→ What the exercise asks: Restate word for word the entries below, starting with the line with "Schnee Deko Künstlich Weiß 200g Winterdeko" and continuing through the line with "Palm Leaf Seamless". Include both of those lines and no others.

(Dataset excerpts)
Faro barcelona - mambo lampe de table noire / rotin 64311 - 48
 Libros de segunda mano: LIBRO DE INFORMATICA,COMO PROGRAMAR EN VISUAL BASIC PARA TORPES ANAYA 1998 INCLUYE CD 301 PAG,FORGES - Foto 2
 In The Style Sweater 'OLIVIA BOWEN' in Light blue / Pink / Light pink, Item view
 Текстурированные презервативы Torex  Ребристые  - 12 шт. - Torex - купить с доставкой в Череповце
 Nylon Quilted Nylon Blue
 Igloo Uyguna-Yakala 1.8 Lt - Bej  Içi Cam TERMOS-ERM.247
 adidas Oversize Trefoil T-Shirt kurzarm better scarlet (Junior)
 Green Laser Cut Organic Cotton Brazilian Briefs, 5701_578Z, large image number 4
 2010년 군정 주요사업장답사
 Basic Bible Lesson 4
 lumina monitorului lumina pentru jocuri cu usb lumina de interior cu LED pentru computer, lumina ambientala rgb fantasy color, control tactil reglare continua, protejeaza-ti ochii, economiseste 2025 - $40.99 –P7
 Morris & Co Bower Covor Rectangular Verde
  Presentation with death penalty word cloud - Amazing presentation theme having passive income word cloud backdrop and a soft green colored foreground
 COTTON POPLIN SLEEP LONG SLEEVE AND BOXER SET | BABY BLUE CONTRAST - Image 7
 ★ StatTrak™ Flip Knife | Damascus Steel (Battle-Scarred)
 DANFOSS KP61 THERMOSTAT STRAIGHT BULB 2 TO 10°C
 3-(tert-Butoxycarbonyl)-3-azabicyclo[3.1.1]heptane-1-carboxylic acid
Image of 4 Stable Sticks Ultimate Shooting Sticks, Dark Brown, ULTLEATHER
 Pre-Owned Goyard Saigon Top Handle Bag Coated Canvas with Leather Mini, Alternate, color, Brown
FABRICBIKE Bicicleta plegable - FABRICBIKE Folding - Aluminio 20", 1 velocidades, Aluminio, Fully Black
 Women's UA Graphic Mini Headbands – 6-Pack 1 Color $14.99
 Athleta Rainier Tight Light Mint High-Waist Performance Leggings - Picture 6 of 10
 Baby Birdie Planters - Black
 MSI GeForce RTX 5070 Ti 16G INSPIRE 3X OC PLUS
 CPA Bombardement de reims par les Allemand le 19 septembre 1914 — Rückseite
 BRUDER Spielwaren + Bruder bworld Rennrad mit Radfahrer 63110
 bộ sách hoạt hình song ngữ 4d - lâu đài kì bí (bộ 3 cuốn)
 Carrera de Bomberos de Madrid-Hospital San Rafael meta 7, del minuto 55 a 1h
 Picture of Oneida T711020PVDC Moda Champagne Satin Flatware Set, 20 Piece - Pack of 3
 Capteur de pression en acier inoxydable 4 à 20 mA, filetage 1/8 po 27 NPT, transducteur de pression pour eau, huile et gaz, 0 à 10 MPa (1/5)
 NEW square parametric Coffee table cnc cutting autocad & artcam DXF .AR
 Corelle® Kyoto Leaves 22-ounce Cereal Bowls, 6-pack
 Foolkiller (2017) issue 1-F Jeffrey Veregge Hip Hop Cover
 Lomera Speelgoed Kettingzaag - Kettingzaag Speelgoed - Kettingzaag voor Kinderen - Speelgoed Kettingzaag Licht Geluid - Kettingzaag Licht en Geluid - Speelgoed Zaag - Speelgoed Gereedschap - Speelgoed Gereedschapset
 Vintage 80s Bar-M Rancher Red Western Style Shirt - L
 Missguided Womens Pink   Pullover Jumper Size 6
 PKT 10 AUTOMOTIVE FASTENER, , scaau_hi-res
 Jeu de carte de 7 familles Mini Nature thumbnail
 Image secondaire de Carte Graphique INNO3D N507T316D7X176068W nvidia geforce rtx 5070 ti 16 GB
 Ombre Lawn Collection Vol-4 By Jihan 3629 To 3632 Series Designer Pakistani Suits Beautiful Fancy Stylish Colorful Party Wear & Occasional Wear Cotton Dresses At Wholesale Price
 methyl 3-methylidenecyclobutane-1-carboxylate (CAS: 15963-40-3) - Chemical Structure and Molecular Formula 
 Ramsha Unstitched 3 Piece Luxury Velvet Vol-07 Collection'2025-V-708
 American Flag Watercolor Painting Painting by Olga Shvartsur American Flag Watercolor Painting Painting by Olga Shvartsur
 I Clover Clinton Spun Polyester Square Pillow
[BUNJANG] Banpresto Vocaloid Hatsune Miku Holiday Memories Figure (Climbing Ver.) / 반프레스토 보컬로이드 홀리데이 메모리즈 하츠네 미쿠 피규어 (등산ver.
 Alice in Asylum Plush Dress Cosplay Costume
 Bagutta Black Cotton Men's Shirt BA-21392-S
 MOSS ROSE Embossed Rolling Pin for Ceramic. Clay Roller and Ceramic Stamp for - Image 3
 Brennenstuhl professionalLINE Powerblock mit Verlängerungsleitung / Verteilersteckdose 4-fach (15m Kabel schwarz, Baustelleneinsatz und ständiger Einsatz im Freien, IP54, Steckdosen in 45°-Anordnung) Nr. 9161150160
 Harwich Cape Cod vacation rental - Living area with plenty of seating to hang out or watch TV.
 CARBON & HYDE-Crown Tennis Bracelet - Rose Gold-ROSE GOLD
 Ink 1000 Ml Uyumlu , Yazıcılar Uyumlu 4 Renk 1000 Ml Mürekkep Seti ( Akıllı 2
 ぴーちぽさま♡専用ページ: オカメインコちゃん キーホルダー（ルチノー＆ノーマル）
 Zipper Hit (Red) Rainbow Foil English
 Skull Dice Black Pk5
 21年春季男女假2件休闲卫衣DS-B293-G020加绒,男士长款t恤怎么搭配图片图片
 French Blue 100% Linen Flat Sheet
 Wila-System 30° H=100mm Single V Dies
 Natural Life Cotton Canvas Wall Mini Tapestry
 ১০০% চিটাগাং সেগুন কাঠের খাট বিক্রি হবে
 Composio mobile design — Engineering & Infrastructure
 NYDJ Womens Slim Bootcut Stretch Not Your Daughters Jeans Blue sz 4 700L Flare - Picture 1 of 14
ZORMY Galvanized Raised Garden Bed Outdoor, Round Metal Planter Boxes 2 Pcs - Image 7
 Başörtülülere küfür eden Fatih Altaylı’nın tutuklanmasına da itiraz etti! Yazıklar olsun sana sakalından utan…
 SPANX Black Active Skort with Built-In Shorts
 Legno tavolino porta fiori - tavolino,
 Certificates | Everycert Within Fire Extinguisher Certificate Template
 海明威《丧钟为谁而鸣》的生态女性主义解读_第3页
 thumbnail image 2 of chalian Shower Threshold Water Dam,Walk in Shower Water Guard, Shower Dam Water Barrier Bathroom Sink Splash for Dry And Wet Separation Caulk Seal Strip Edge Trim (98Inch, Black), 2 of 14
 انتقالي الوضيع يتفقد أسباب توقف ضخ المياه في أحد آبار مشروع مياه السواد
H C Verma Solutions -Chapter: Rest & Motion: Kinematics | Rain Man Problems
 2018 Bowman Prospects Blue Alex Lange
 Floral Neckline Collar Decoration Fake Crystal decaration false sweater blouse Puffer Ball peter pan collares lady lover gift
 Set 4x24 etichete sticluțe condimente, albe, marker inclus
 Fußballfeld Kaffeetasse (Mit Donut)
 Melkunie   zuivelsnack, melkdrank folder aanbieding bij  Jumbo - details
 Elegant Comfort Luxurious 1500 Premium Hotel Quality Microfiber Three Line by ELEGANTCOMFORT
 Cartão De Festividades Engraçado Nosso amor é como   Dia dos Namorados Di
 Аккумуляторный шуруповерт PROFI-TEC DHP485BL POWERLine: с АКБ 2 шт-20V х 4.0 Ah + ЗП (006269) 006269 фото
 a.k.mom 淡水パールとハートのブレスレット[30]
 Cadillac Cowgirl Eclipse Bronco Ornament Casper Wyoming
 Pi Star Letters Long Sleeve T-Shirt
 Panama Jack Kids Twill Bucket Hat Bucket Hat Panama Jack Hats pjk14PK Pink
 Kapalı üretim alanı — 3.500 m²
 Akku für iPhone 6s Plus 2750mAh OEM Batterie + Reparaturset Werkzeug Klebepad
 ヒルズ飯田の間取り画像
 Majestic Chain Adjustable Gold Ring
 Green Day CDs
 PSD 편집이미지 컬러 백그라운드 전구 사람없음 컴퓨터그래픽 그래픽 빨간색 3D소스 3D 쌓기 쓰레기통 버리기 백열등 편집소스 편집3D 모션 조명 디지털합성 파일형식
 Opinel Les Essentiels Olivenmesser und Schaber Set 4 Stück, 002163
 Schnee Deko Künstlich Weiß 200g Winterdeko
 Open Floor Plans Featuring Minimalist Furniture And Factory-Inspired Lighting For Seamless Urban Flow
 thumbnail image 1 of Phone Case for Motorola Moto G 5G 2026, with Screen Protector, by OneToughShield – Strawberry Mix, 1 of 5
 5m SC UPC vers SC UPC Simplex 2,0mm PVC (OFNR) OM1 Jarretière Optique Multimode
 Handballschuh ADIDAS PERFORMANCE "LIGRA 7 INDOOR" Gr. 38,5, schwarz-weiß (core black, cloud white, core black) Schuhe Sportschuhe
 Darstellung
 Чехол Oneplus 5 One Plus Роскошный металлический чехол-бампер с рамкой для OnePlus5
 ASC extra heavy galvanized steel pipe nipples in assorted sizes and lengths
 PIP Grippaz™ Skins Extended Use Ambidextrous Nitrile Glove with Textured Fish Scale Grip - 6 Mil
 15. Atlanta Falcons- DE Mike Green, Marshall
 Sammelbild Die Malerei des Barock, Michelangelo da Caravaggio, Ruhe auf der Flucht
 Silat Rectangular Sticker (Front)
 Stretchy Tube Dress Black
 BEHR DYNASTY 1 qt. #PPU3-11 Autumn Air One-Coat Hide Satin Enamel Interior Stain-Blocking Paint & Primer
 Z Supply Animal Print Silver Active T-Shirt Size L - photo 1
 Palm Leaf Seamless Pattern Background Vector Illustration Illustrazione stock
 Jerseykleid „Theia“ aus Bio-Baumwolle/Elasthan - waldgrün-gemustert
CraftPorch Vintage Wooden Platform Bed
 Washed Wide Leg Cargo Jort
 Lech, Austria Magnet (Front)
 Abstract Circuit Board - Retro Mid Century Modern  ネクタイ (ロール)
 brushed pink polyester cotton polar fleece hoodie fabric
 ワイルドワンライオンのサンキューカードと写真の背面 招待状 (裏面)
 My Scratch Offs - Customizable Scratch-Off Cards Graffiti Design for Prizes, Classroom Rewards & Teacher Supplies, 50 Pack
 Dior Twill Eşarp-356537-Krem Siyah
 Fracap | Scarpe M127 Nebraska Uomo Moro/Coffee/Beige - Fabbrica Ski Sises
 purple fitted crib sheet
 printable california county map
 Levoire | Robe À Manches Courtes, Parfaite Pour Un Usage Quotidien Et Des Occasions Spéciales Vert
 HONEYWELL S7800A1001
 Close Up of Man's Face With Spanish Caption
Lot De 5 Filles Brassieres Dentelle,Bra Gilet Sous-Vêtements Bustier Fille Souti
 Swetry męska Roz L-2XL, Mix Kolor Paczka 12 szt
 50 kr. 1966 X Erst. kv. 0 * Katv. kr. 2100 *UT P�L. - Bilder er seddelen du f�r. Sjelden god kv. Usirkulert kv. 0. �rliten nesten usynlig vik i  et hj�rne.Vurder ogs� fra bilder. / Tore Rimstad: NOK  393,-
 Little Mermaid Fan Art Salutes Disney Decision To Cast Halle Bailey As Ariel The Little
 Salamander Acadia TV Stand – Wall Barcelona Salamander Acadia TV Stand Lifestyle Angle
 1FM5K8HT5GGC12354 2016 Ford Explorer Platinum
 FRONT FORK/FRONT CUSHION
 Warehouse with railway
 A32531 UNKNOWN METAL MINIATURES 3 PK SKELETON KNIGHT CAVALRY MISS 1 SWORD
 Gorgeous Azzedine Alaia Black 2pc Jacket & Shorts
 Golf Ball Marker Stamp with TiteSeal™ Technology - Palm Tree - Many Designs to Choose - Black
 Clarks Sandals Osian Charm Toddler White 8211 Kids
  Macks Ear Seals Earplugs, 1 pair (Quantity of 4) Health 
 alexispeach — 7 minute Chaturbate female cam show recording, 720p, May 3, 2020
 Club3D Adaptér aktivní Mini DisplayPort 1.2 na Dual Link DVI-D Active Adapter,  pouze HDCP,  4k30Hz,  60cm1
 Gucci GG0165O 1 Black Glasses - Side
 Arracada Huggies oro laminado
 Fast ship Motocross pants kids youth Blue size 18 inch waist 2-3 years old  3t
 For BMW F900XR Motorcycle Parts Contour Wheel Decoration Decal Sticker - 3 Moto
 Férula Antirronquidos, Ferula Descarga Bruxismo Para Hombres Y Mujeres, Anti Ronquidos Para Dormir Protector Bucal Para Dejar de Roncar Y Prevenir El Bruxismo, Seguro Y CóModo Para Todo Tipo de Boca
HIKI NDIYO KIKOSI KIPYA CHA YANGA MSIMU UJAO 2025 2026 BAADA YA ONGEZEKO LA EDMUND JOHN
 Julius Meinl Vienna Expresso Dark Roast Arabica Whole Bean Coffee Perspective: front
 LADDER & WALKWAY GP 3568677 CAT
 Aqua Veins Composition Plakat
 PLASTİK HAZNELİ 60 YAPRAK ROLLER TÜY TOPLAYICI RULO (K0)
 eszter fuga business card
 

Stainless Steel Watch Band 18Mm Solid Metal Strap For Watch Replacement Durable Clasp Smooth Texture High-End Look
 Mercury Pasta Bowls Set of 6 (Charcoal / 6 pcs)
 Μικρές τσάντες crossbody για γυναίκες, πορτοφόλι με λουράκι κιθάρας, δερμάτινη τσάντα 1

→ Task solution:
 Schnee Deko Künstlich Weiß 200g Winterdeko
 Open Floor Plans Featuring Minimalist Furniture And Factory-Inspired Lighting For Seamless Urban Flow
 thumbnail image 1 of Phone Case for Motorola Moto G 5G 2026, with Screen Protector, by OneToughShield – Strawberry Mix, 1 of 5
 5m SC UPC vers SC UPC Simplex 2,0mm PVC (OFNR) OM1 Jarretière Optique Multimode
 Handballschuh ADIDAS PERFORMANCE "LIGRA 7 INDOOR" Gr. 38,5, schwarz-weiß (core black, cloud white, core black) Schuhe Sportschuhe
 Darstellung
 Чехол Oneplus 5 One Plus Роскошный металлический чехол-бампер с рамкой для OnePlus5
 ASC extra heavy galvanized steel pipe nipples in assorted sizes and lengths
 PIP Grippaz™ Skins Extended Use Ambidextrous Nitrile Glove with Textured Fish Scale Grip - 6 Mil
 15. Atlanta Falcons- DE Mike Green, Marshall
 Sammelbild Die Malerei des Barock, Michelangelo da Caravaggio, Ruhe auf der Flucht
 Silat Rectangular Sticker (Front)
 Stretchy Tube Dress Black
 BEHR DYNASTY 1 qt. #PPU3-11 Autumn Air One-Coat Hide Satin Enamel Interior Stain-Blocking Paint & Primer
 Z Supply Animal Print Silver Active T-Shirt Size L - photo 1
 Palm Leaf Seamless Pattern Background Vector Illustration Illustrazione stock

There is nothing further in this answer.